_WHAT IS EXPECTED_
Please begin with the line containing "Nextstar told iPolitics" and reproduce each line exactly until the records below end, without any pictures.

[Captioned web image data]
BEGIN

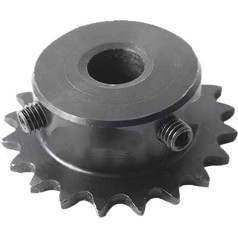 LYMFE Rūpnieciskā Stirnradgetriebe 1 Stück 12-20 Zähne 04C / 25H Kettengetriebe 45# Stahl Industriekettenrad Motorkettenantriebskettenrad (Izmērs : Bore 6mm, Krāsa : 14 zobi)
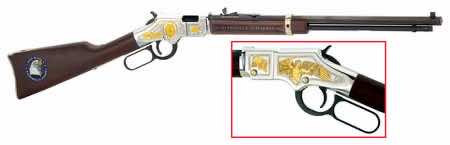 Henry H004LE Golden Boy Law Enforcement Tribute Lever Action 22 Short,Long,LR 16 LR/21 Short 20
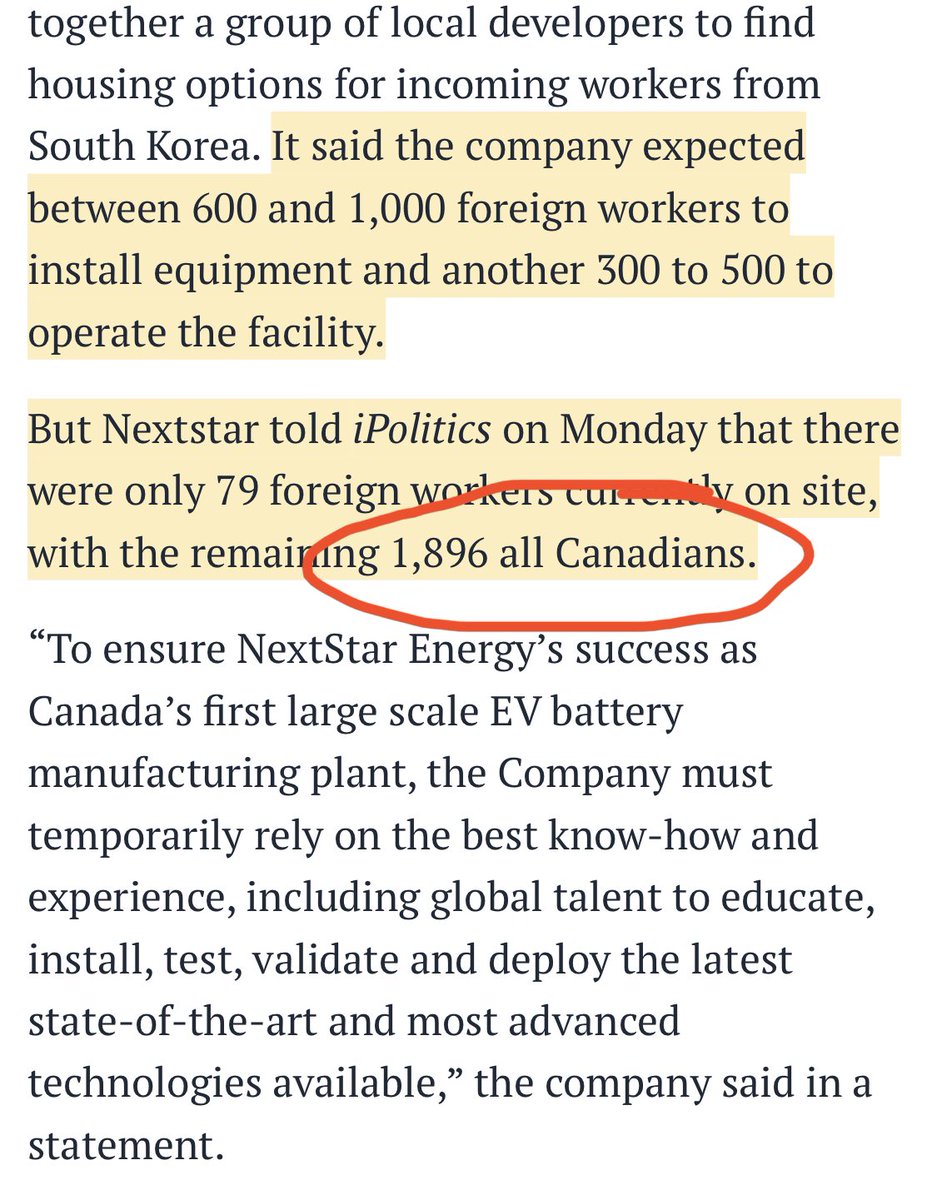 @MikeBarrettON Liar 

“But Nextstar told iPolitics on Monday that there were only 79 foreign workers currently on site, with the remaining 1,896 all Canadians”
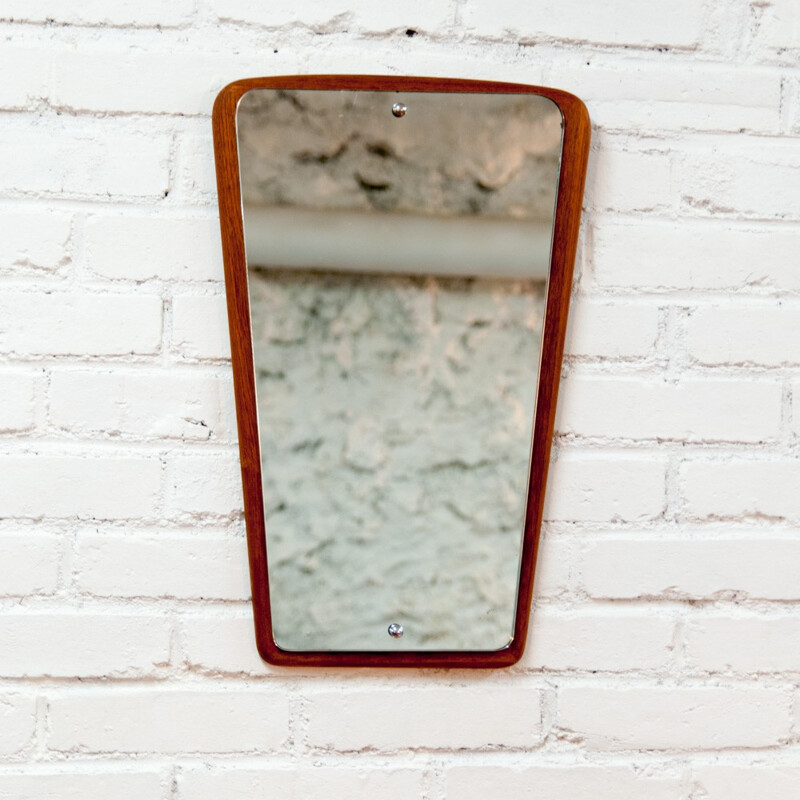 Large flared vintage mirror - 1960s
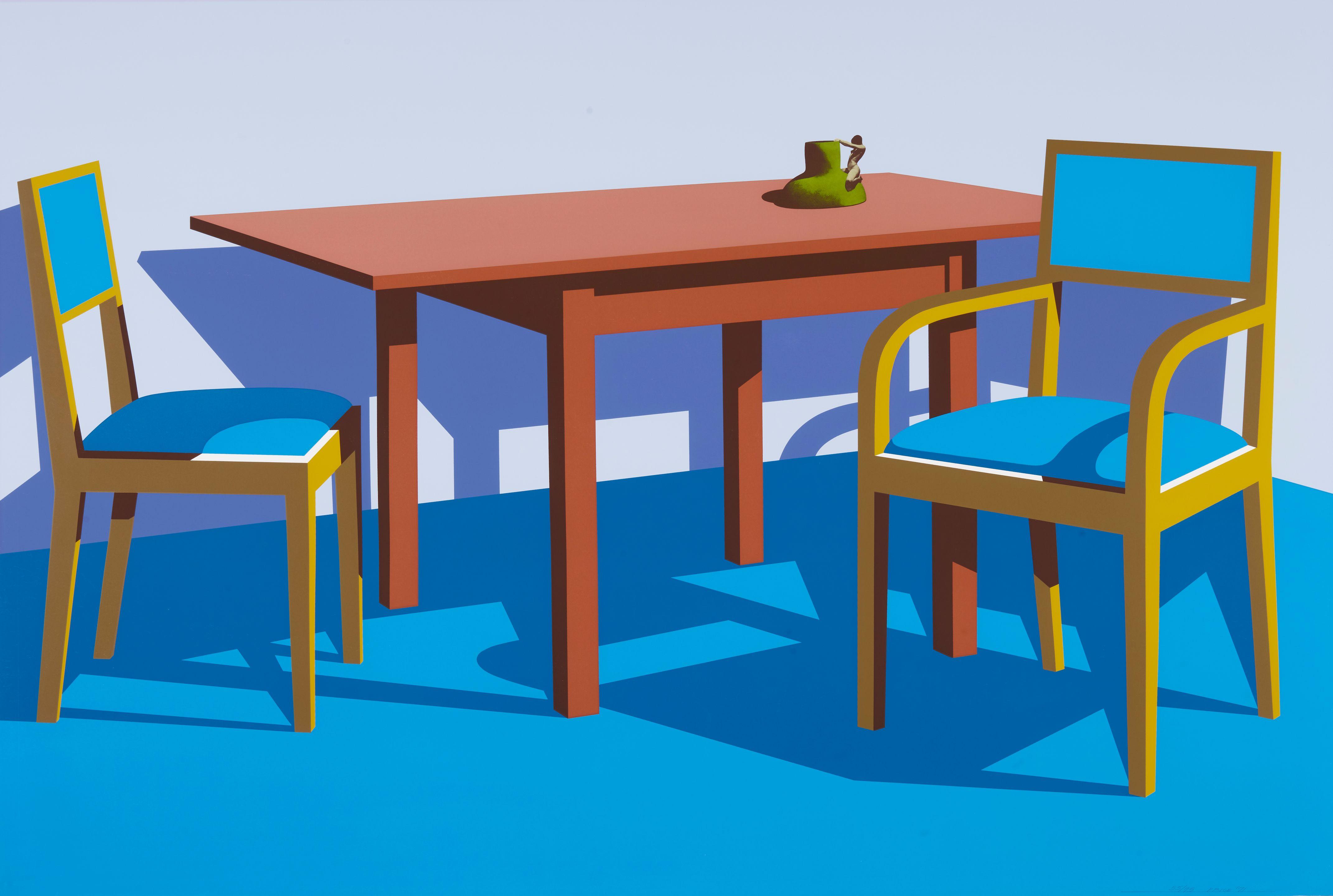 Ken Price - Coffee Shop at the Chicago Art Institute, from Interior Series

END

_ANSWER BOX_
“But Nextstar told iPolitics on Monday that there were only 79 foreign workers currently on site, with the remaining 1,896 all Canadians”
 Large flared vintage mirror - 1960s
 Ken Price - Coffee Shop at the Chicago Art Institute, from Interior Series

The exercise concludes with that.